== What this task involves ==
Starting with the line that holds "Used 2015 BMW 428i Gran Coupe image 10" and stopping after the line that holds "Audi A7 3.0", repeat the lines below word for word, without the pictures.

== Information provided ==
....

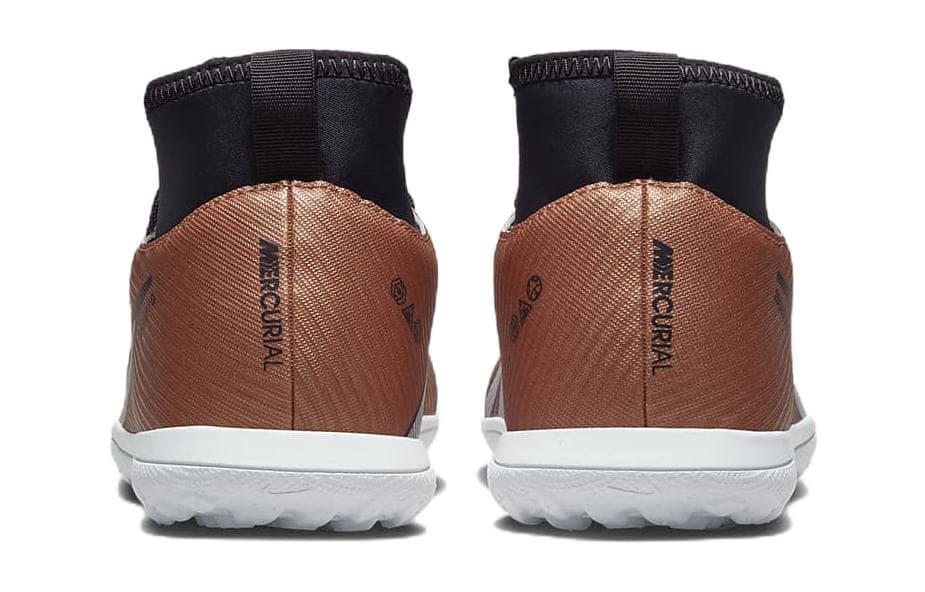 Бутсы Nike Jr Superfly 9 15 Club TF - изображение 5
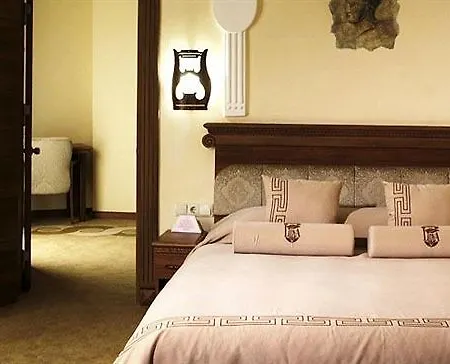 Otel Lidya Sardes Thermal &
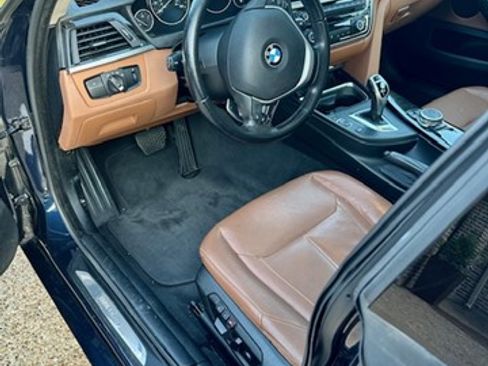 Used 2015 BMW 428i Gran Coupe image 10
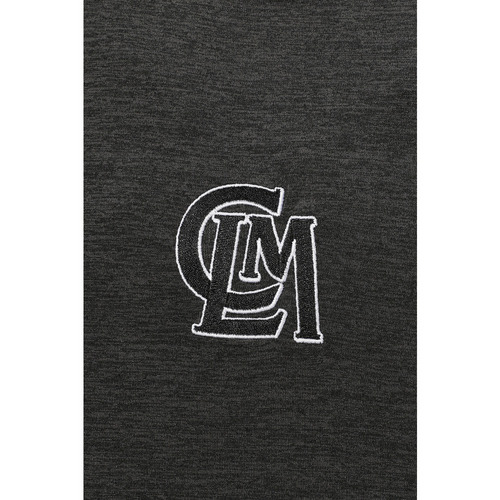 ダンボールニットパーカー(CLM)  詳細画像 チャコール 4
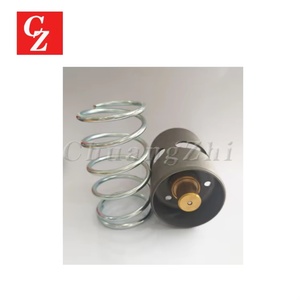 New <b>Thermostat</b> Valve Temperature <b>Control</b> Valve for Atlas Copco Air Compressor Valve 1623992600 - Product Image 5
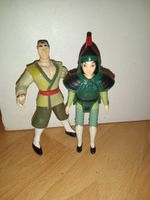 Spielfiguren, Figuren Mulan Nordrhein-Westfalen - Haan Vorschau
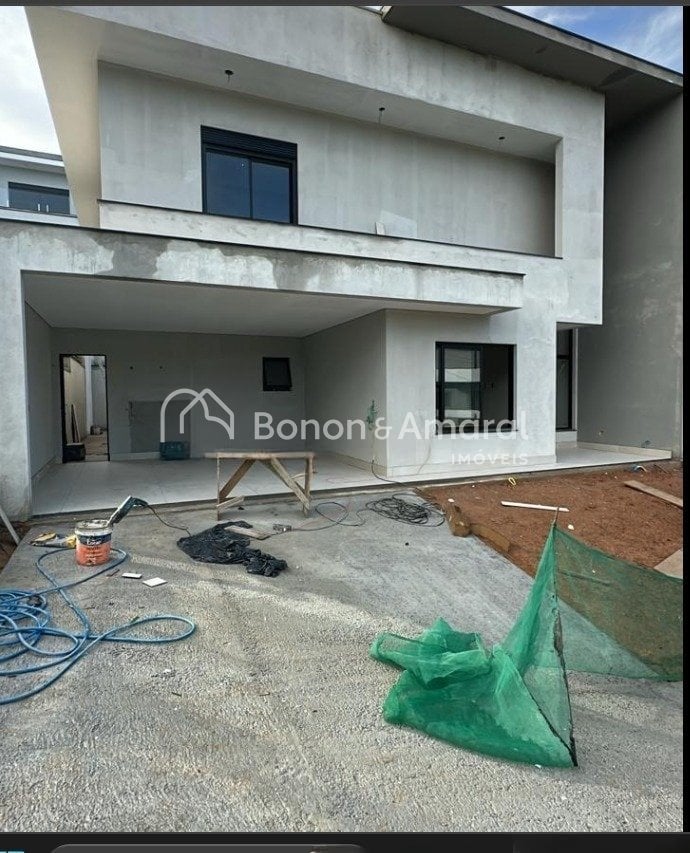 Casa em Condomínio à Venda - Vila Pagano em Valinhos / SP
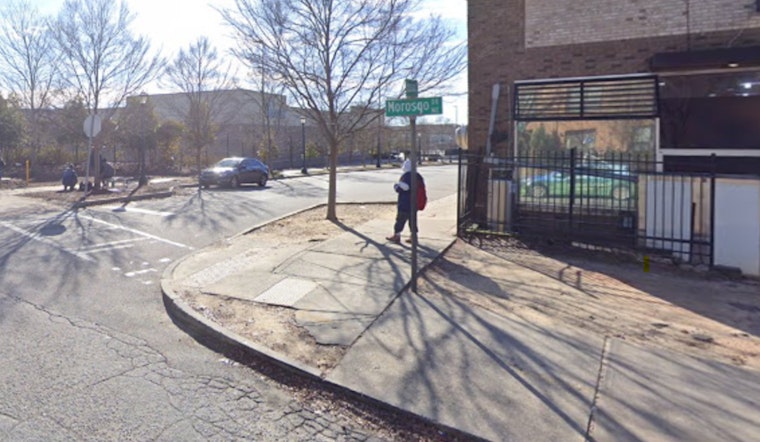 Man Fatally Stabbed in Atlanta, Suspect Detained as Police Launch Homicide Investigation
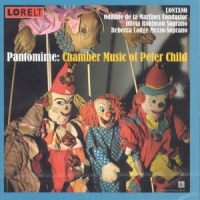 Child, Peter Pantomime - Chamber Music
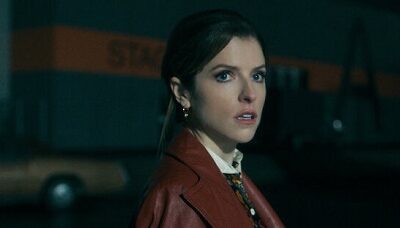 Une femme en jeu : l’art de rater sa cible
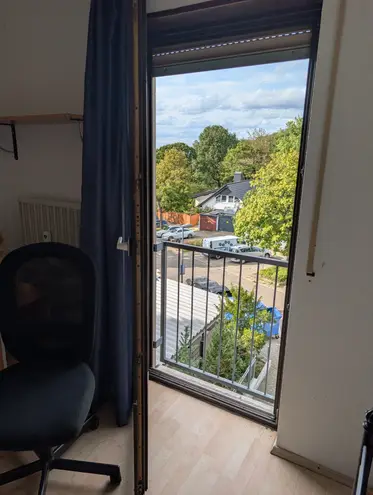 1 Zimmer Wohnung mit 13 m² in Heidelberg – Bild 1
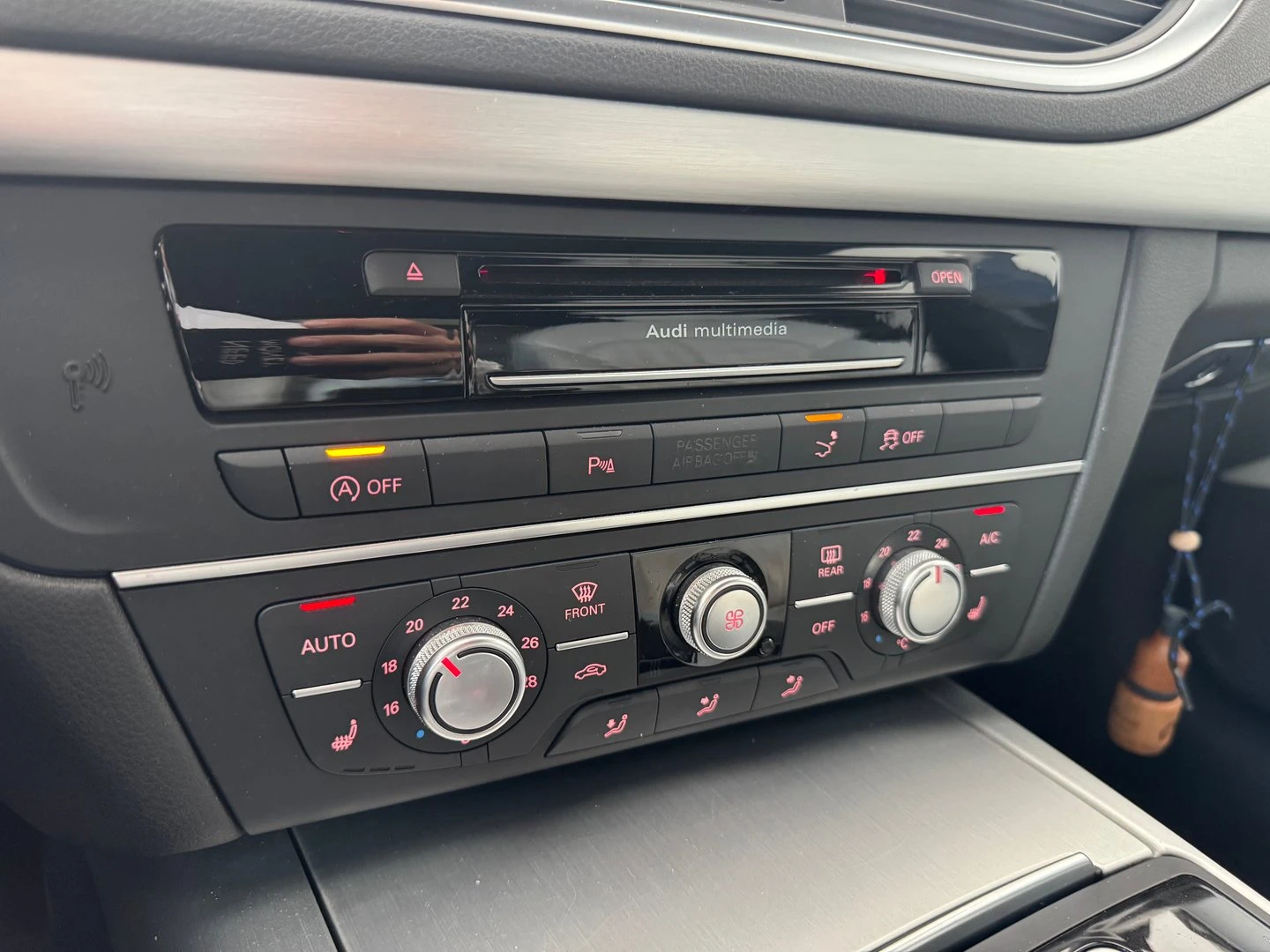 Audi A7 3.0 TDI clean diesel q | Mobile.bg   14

....

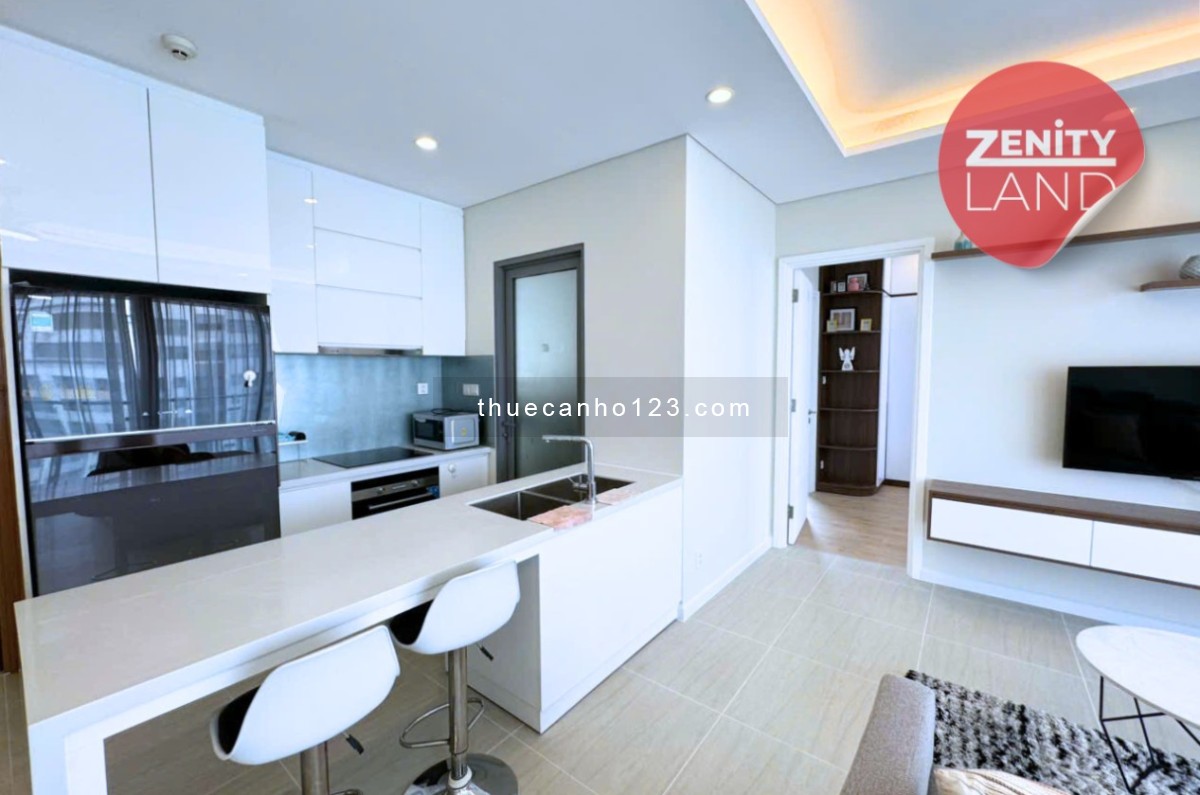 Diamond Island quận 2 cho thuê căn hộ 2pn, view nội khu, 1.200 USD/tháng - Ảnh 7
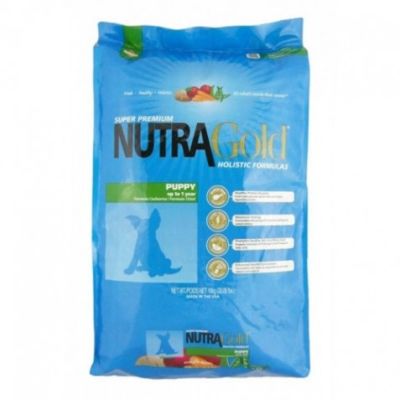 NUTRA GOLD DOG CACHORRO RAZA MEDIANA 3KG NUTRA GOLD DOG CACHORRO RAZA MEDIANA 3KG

....

== Answer to this task ==
 Used 2015 BMW 428i Gran Coupe image 10
 ダンボールニットパーカー(CLM)  詳細画像 チャコール 4
 New <b>Thermostat</b> Valve Temperature <b>Control</b> Valve for Atlas Copco Air Compressor Valve 1623992600 - Product Image 5
 Spielfiguren, Figuren Mulan Nordrhein-Westfalen - Haan Vorschau
 Casa em Condomínio à Venda - Vila Pagano em Valinhos / SP
 Man Fatally Stabbed in Atlanta, Suspect Detained as Police Launch Homicide Investigation
 Child, Peter Pantomime - Chamber Music
 Une femme en jeu : l’art de rater sa cible
 1 Zimmer Wohnung mit 13 m² in Heidelberg – Bild 1
 Audi A7 3.0 TDI clean diesel q | Mobile.bg   14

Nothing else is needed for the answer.